Just to give an example: without knowing it, I called Without a job about ten years after Without by Mauri. Today a certain dominant mentality judges that the latter’s work is current, avant-garde, because it uses the most advanced technological tool available, the projection of film light, and he makes a performance of it. Anyway, no one reflects that perhaps the step forward, necessary for any work of art, consists instead in the very opposite: the machine stops and the use of your imagination starts, the one that arises from a subtraction of gaze. It is the full eye the cancer to fight today.

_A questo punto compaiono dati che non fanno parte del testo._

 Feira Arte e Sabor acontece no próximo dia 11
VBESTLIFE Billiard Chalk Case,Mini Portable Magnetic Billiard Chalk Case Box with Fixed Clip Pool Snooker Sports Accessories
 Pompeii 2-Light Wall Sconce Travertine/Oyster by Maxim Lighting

But where does the dome, the story end? Well this “goes around”, like “the wind”; Pontormo, like the bucket, like the rabbit, are the things that remain. Maybe only in photography.
Il mondo classico
Io non sono contro la banana di Maurizio Cattelan e per il casco di banane di Giorgio de Chirico (v. post precedente), non sono contro nessuno che intenda fare arte. Ho le mie preferenze naturalmente e posso anche tifare per qualcuno (un Grande artista come Fabio Mauri in questo caso), ma guardo con maggior interesse un lavoro che si dichiari d’arte rispetto a tutto il resto, compresa la filosofia. Non sono contro nessuna opera quindi, solo faccio la mia. Preciso: Brunelleschi ha fatto la sua cupola, Michelangelo e Borromini la loro, ma nessuno si è preoccupato di seppellire la precedente: se ne fregavano, perché facevano una nuova cupola.

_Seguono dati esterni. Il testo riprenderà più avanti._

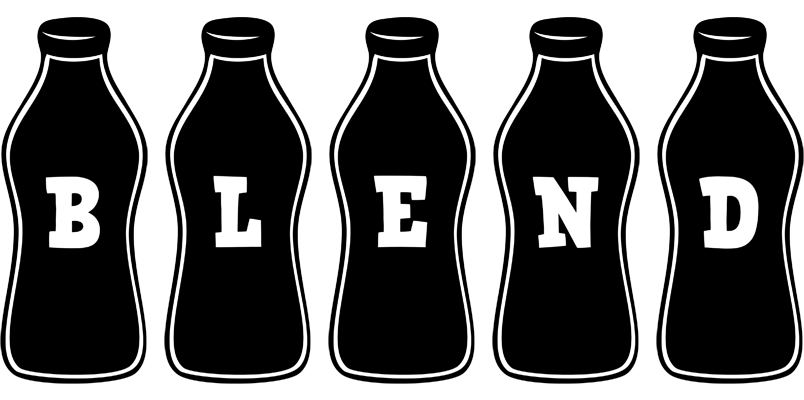 Blend bottle logo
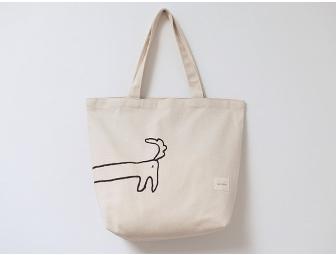 Organic Dachshund Canvas Tote Spring Has Come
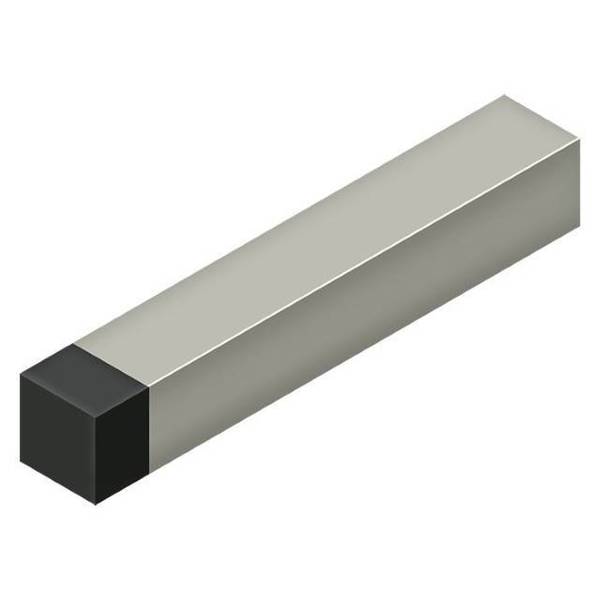 Deltana Modern Square Heavy Duty Door Bumper, Steel Satin Nickel 4" BDSS40U15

Cupola, legame tra arte e storia: non esiste arte senza storia, senza cupola. Quale è quella di oggi (2021), dobbiamo scegliere fra Frank Gehry e Zaha Hadid? Non intendo cupole architettoniche. Forse oggi questa è proprio uno schermo con la parola The end o un Muro del pianto oppure una sequenza della storia cinematografica deformata dal presente checchessia (il petto vivo di Pierpaolo Pasolini, un viso mobile, una conca di latte, una bilancia ecc).
Rifletto: cosa hanno fatto Pontormo, Donatello e, prima ancora, tutti gli altri (Duccio, Angelico ecc.) e, dopo ancora, Tiepolo, giù giù fino a noi, compreso de Chirico? Il secchio di latte da solo (come poi viene esposto, senza la proiezione, senza la storia). Ma se questo è il destino del lavoro, come vorrebbe il mercato e prima di lui l’istituzione, bisogna tenerne conto. Qualcosa è sfuggito al controllo dello stesso artista che ha creato la performance? Il pericolo è forte.

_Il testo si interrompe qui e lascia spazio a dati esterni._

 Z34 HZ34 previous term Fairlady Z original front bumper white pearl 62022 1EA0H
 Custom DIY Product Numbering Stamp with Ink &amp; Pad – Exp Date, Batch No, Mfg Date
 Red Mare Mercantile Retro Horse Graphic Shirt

Forse è proprio da questo controllo che bisogna ripartire per ripristinare il rapporto con chi nel passato (fino a de Chirico, per intenderci, e anche oltre) non aveva a disposizione né il digitale né il cinematografo e non era ancora sdoganata l’ibridazione dell’arte visiva con il teatro: la performance.
Voglio introdurre un cuneo: il ridimensionamento dell’importanza della tecnologia e di ciò che essa permette di fare. A me interessa tutto il Mauri, compresi i suoi disegni, le sue foto: quale secchio, per intenderci, così come interessa Joseph Beuys e il preciso controllo di tutte le immagini che riguardano il suo lavoro: nessuno dei due ha dimenticato il rapporto con l’oggetto destinato a restare. Quindi con Pontormo.
Solo per fare un esempio: senza saperlo, ho chiamato Senza un lavoro di una decina d’anni dopo il Senza di Mauri. Una certa mentalità dominante oggi giudica che l’opera di quest’ultimo sia attuale, all’avanguardia, perché usa il più evoluto strumento tecnologico a disposizione di chi fa arte visiva, la proiezione di luce cinematografica, e ne fa una performance; ma nessuno riflette che forse il passo avanti, necessario per qualsiasi opera d’arte, consiste invece proprio nell’opposto: il fermo macchina, il ricorso alla tua immaginazione, quella che nasce da una sottrazione di sguardo. É il pieno di occhio oggi il cancro da combattere.
Ma dove finisce allora la cupola, la storia? Beh questa “fa il suo giro”, come “il vento”; Pontormo, come il secchio, come il coniglio, sono le cose che rimangono. Magari solo in fotografia.